Recruitment: a view from the panel
Following on from the blog posts I’ve been editor of for the ALT blog (thanks to Julie and Mimi as authors of the five-part recruitment series), I wanted to give my own experience of reviewing some 400 applications, conducting over 50 online interviews and appointing some amazing people to over 15 roles (some new roles, some replacement vacancies) during the last 18 months (since we entered lockdown and started working remotely, and an equal number of face-to-face interviews in the years prior too).
If you want to read the posts by Julie and Mimi from City, University of London, I’ll wait while you go. Start with their first post – preparing to apply. The series continues through the application and preparation for the interview, as well as the interview itself and to follow-ups and (hopefully) an offer.
The fifth and final post will be published next week (looking at what you can do after the interview, be sure to look out for it).
From the perspective of being a panel member or chairing the panel, here are observations or patterns of behaviour I’ve observed.
- Nerves – Everyone gets nervous. Your nerves are not being interviewed, so don’t be shy in acknowledging them and asking for a question to be repeated or time to sip some water and think. A good panel will understand that it is an unusual situation you are in and that not everyone can relax or handle an interview in the same way. Being nervous is not a fault, nor is it easily ignored. If you find you feel an answer to an interview question wasn’t your finest moment, try and push it to one side, collect yourself, and go again on the next: don’t let one question determine how well your perform on the next.
- Quiet time – Sometimes there will be a period of quite when you have finished with your response to the question, and the panel are still making notes or waiting for each other. If you have nothing else to add, don’t fill the gap with nonsense – know when to keep quiet. If you are confident of your reply and want to acknowledge that you’ve ended the question, and want to fill the quiet space as notes are completed, you could ask if your response covered what the panel was looking for? Some interviewers use the quiet space to unnerve the candidate – I do not like this. If the interviewers or organisation wants to play that kind of power game in an interview, then it isn’t the kind of culture or working environment I want to be part of. Look to these kind of style or cues as to how the interview is run to see how they run the business … you can tell a lot if you look hard enough! It might work in negotiating a discount when buying a car, for example, but has no place in an interview.

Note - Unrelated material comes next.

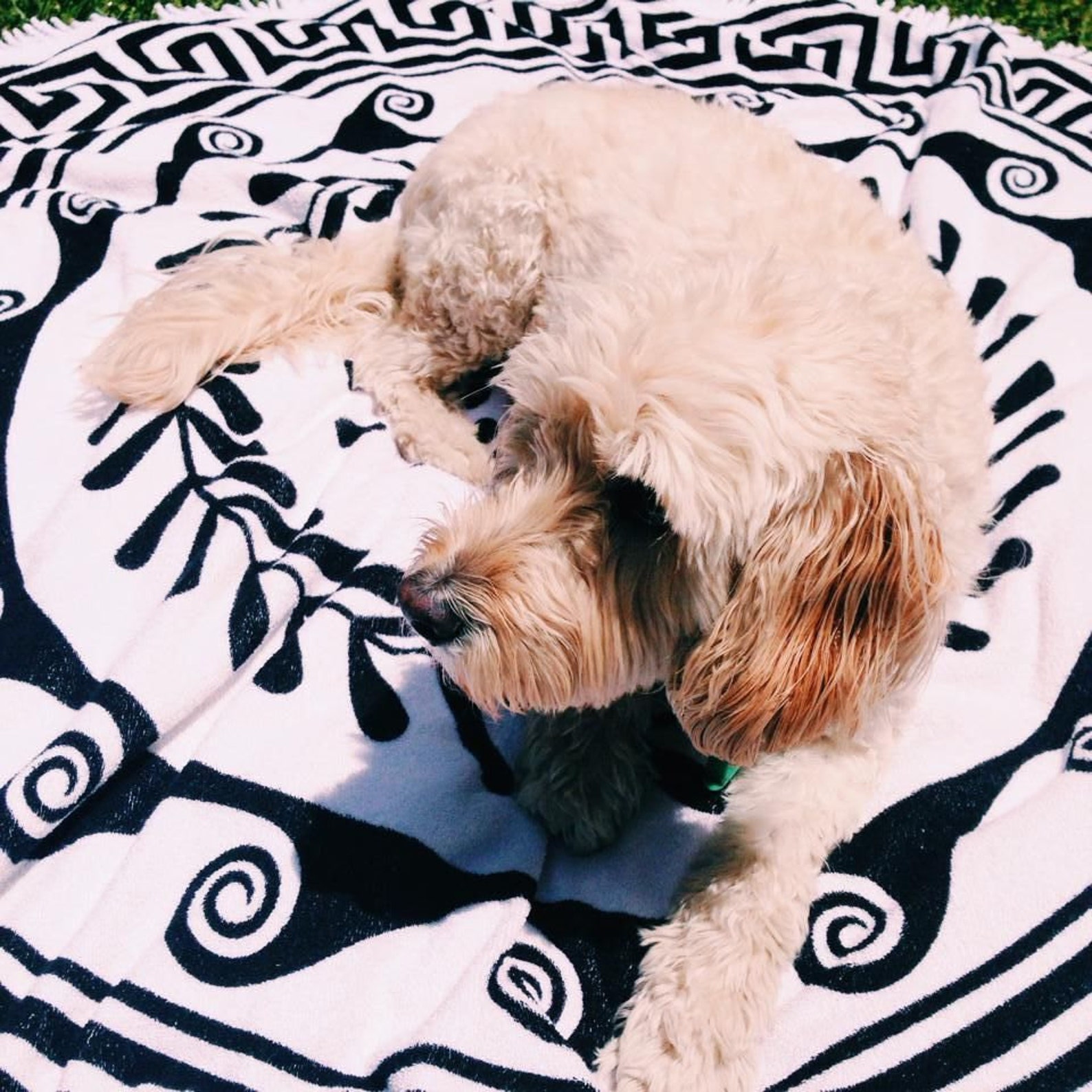 Round Beach Towel GREEK SUN White Tassels 150 cm Diameter Etsy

- IT Fault – Unless you’re interviewing for a technical role and your proficiency at handling IT failure is part of the interview, the panel will understand and support you if you can’t get your screen to share, or your camera is somehow suddenly upside down. Even experienced Learning Technologists, for example, will have IT issues. Your computer is not being interviewed. You are. For online interviews, you should be given time before the interview to check the connection and features of the interview platform (Zoom, Teams, Blackboard, etc). If it still doesn’t work, don’t panic. Again, how you react is more important than actually getting it to work, so be calm and ask for help. If all else fails go camera-free or an old school phone call.
- Preparation – It’s obvious when the candidate hasn’t prepared for the interview, just as easily as it is to see someone who has. If you know who will be on the panel it is worth looking them up and spending some time finding out, for example, how long they’ve been working there and whether they’ve risen through the organisation or joined at the level they’re at, etc. Any good interviewer should spend a little time introducing the role and where it sits in the general structure of the team, department, or organisation. If anything here is of interest, or you want to follow up, make a note of it and ask your question at the end.
- Notes – If you’ve made notes during preparation, have them to hand and don’t be afraid to use them. Not everyone can remember everything and remember it at the right time. Don’t try and hide it if you use notes or want to make notes – by telling the panel you have notes it will at least tell me you’re still focused on the interview and not live-tweeting it!
- Interview panel – Is the panel comprised of people you’d work with daily or from senior management, individuals you wouldn’t have much contact with. Do you think (through your own questions to the panel: these are so important – see later) they understand the role or the work, and can they answer with authority on the work, the timelines, etc? What is their general demeanour like, do the panel seem like they know or work well with each other, or are there subtle cues you can pick up on that, maybe, they don’t know each other very well? This could give you an indication of the type of working culture within the team?
- You are interviewing them too – You may be the one interviewing for a role at their company, but this is your opportunity to see if you like the way they operate. Do they seem approachable and people you could work with? Are the questions and attitude aggressive or feel deliberately positioned to slip you up? Your initial/gut feeling could be the most important sense of whether you’d like to work with them or not.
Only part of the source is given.